(Work request)
From the data below, set down exactly the lines between the one holding "Hội LHPN phường" and the one holding "Mk Hotel Tirana", inclusive, and no others.

[Dataset items]
======

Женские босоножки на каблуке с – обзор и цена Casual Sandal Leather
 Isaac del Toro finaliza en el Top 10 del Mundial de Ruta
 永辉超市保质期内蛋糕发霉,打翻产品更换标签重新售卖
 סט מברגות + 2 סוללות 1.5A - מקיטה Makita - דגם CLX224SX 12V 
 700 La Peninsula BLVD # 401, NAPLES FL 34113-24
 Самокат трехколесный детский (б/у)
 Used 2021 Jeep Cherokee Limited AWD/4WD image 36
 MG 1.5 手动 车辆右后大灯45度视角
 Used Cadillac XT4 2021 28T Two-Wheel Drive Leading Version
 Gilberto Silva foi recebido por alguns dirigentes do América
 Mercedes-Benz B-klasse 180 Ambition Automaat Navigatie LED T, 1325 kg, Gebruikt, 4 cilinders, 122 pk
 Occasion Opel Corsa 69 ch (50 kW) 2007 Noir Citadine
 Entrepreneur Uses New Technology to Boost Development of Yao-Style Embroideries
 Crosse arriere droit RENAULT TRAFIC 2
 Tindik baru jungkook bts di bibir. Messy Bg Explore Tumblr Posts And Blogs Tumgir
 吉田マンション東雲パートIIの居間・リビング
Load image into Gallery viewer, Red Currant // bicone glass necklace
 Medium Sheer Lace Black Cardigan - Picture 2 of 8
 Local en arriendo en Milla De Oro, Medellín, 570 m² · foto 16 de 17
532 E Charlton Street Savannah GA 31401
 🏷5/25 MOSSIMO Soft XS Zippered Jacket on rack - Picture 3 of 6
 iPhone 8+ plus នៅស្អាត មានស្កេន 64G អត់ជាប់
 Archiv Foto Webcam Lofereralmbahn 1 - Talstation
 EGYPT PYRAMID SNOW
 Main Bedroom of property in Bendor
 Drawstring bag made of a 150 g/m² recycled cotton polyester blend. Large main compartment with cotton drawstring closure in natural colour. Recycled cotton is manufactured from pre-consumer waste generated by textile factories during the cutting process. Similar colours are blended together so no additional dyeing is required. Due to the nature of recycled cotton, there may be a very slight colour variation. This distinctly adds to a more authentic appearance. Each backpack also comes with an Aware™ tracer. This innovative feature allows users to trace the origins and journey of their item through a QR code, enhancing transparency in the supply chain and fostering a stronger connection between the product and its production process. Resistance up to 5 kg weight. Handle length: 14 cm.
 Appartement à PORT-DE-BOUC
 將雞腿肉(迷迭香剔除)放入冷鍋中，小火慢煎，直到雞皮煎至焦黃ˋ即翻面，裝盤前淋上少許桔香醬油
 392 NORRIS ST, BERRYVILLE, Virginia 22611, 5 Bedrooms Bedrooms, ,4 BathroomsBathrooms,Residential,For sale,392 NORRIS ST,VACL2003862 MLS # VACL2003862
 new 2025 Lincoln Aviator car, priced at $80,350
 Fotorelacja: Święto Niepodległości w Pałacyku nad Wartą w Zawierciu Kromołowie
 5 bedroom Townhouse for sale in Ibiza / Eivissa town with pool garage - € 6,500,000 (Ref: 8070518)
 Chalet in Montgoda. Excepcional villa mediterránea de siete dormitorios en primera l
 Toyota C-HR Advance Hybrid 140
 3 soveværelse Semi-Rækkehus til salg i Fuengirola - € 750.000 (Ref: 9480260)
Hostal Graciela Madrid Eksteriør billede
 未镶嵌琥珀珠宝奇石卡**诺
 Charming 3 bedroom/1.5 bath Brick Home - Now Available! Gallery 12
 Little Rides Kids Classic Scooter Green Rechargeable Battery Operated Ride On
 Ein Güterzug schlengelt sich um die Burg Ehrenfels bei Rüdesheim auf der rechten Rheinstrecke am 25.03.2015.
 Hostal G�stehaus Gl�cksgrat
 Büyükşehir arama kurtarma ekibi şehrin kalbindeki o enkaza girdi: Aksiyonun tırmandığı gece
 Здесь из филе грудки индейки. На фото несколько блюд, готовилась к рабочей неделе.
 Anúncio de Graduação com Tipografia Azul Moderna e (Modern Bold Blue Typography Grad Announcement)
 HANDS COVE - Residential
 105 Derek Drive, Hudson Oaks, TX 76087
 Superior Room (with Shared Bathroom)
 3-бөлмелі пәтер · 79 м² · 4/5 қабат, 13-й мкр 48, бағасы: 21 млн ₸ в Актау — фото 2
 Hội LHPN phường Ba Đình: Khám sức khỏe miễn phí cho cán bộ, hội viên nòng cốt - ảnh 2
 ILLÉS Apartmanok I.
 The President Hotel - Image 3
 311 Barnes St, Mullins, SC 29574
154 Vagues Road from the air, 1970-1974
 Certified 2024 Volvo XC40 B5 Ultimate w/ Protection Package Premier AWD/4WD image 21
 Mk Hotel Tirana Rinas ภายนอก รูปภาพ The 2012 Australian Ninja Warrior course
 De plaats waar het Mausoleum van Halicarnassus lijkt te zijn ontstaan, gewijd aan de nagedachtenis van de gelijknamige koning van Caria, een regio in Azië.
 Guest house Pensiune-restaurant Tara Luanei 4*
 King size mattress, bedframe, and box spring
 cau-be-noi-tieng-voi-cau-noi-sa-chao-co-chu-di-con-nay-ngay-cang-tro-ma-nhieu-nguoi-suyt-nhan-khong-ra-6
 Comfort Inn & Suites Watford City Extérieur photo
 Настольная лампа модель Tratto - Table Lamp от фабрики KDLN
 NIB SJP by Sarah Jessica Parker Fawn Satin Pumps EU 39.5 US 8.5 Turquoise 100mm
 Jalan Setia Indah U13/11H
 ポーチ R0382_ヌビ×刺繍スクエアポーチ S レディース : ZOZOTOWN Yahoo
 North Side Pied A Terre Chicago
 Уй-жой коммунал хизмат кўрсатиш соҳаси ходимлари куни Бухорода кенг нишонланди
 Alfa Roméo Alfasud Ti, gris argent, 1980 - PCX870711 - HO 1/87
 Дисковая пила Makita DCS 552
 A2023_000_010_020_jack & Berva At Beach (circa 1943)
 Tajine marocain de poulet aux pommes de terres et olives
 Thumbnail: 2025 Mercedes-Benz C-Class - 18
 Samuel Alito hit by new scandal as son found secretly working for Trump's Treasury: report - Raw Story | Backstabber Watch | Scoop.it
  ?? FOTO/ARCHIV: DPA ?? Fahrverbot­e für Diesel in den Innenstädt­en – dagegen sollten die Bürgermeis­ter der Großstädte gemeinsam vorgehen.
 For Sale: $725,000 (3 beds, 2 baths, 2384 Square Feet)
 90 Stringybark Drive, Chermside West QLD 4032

======

(Written reply)
 Hội LHPN phường Ba Đình: Khám sức khỏe miễn phí cho cán bộ, hội viên nòng cốt - ảnh 2
 ILLÉS Apartmanok I.
 The President Hotel - Image 3
 311 Barnes St, Mullins, SC 29574
154 Vagues Road from the air, 1970-1974
 Certified 2024 Volvo XC40 B5 Ultimate w/ Protection Package Premier AWD/4WD image 21
 Mk Hotel Tirana Rinas ภายนอก รูปภาพ The 2012 Australian Ninja Warrior course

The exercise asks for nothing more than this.